Je pense ici à d’autres exigences évangéliques. D’une part, la dignité de la vie familiale. « Heureux les cœurs purs. » (Mt 5, 8.) Vous observez la déstabilisation de la famille, la crise du mariage ; combien d’enfants et de parents souffrent de foyers désunis, séparés, divorcés ! Vous vous êtes d’ailleurs souciés de faire améliorer sur ce point des textes législatifs. Vous voyez aussi tant d’« unions libres », qui refusent ou retardent l’engagement total et exclusif des deux partenaires dans le sacrement de mariage. Vous savez que l’avortement est très répandu. Et beaucoup s’en remettent aux moyens contraceptifs au lieu de respecter, dans la maîtrise de soi et un effort mutuellement consenti, la double finalité de l’acte conjugal : l’amour et l’ouverture à la vie. Parmi les causes de ces misères, il y a la tendance généralisée à l’hédonisme ; il y a l’oubli de Dieu ; il y a sans doute aussi l’ignorance de la théologie du corps, du magnifique plan de Dieu sur l’union conjugale, de la nécessité de l’ascèse pour approfondir un amour vraiment digne de  l’homme et de la femme, pour correspondre à la vie de l’Esprit, présent dans les époux. L’éducation sexuelle, la préparation des jeunes au mariage, le soutien des foyers doivent être à la hauteur de ce projet.

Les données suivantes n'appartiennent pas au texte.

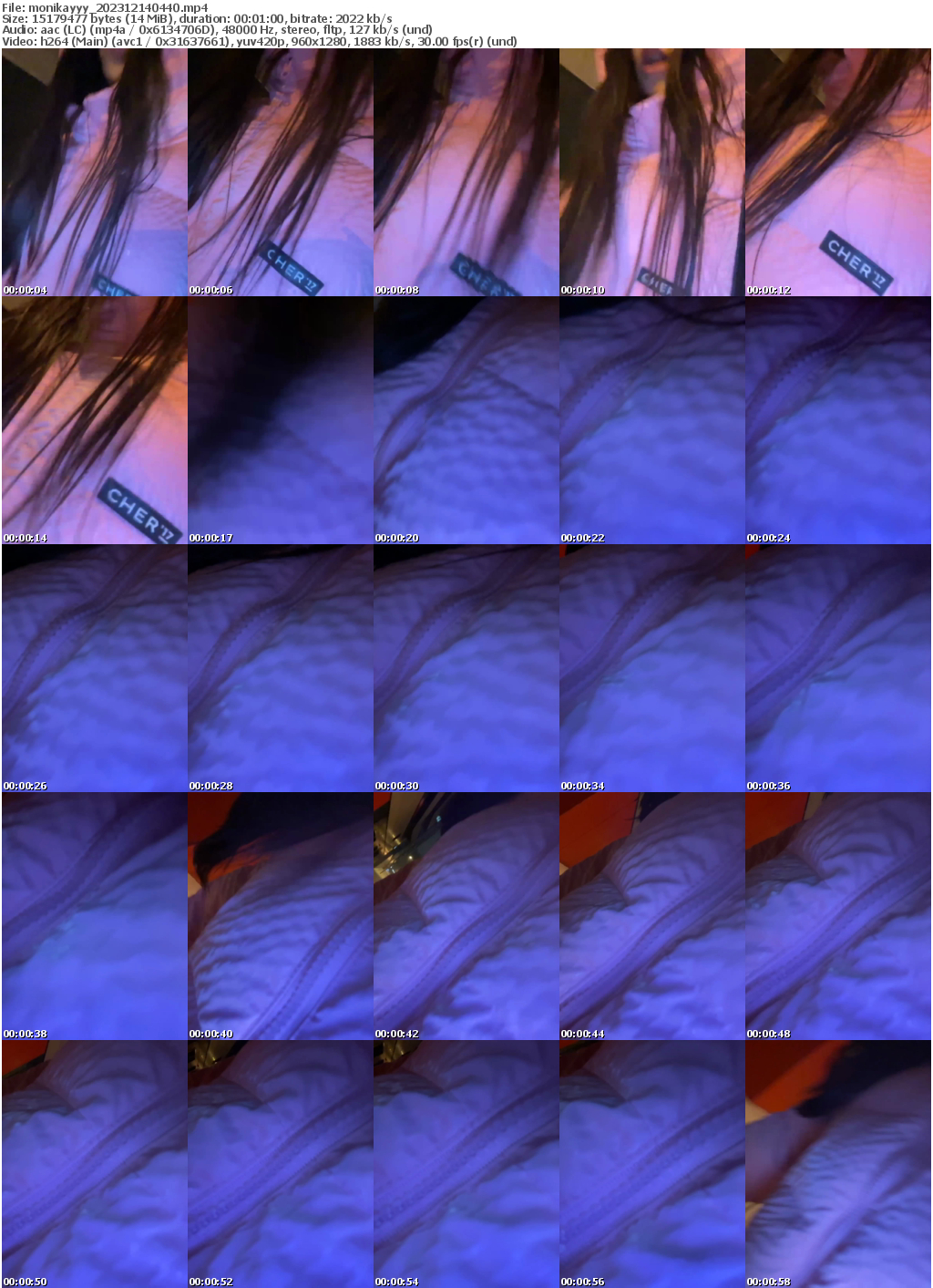 Preview thumb from monikayyy on 2023-12-14 @ bongacams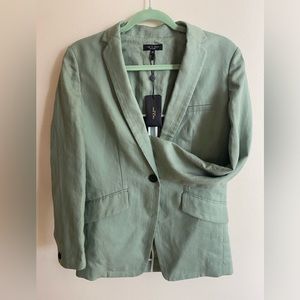 Rag & Bone NWT Rylie 100% linen women’s blazer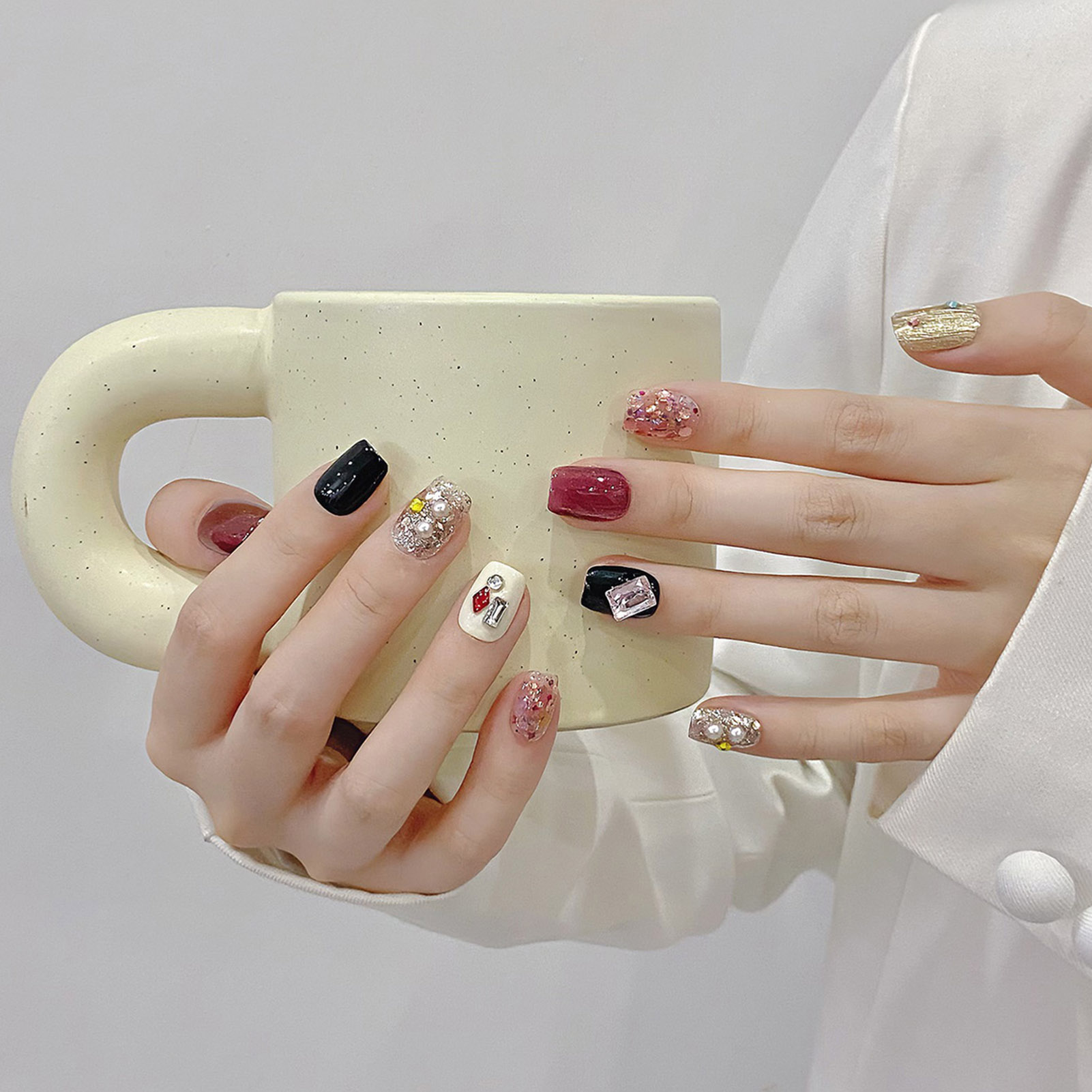 Handgemaakte Pers Op Nagels Gl - Resin Craft Material recensie en prijs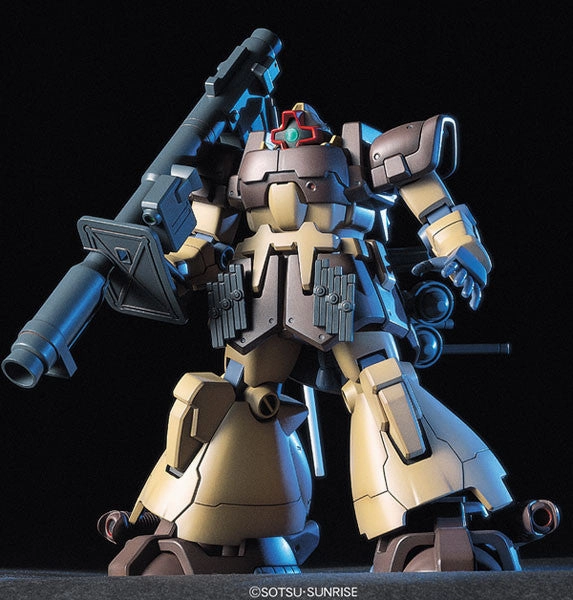 Gundam 1/144 HGUC #027 0083 Stardust Memory MS-09F Dom Tropen (Sand Brown) Model Kit Gaming Statue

Malgré les opinions contraires et souvent passionnées, on attend finalement de l’Église qu’elle contribue à sauver l’amour humain et le respect de la vie.

D’autre part, la société de consommation, la séduction de besoins artificiels, la situation de richesse pour beaucoup et la course générale au profit rendent plus difficile l’application pourtant capitale de la Béatitude : « Heureux les pauvres de cœur. » (Mt 5, 3.) Comment éduquer malgré tout à la pauvreté, à la simplicité de vie, pour garder le cœur libre, disponible au royaume de Dieu et au prochain ? Ne faudrait-il pas, entre autres, ouvrir les yeux sur les immenses régions du monde qui vivent dans le dénuement le plus complet ?

En ces domaines, comme en tant d’autres, il nous faut sans cesse rappeler avec saint Paul : « Vous qui avez été sanctifiés, qui êtes devenus fils de Dieu, appelés à la sainteté, habités par l’Esprit de Dieu, ne vous conformez pas aux mœurs de ce monde. » (Cf. Rm 12, 2.) Souvenons-nous toujours du courage pastoral de saint Jean Chrysostome, que nous avons célébré à Moncton.

Notre peuple peine à garder la foi ou les mœurs chrétiennes en partie parce qu’il n’a pas découvert le sens de la prière ou qu’il n’ose plus prier. Je veux parler de cette prière qui cherche, dans le dialogue avec Dieu ou plutôt l’écoute de Dieu, la contemplation de son amour et la conformité à sa volonté. Les grâces de renouveau et de conversion ne seront données qu’à une Église en prière. Jésus a supplié ses apôtres de veiller et de prier (cf. Mt 26, 41). Avec nos prêtres, avec nos religieuses et de nombreux laïcs qui ont redécouvert la prière, dans la joie de l’Esprit-Saint, soyons les éducateurs de la prière.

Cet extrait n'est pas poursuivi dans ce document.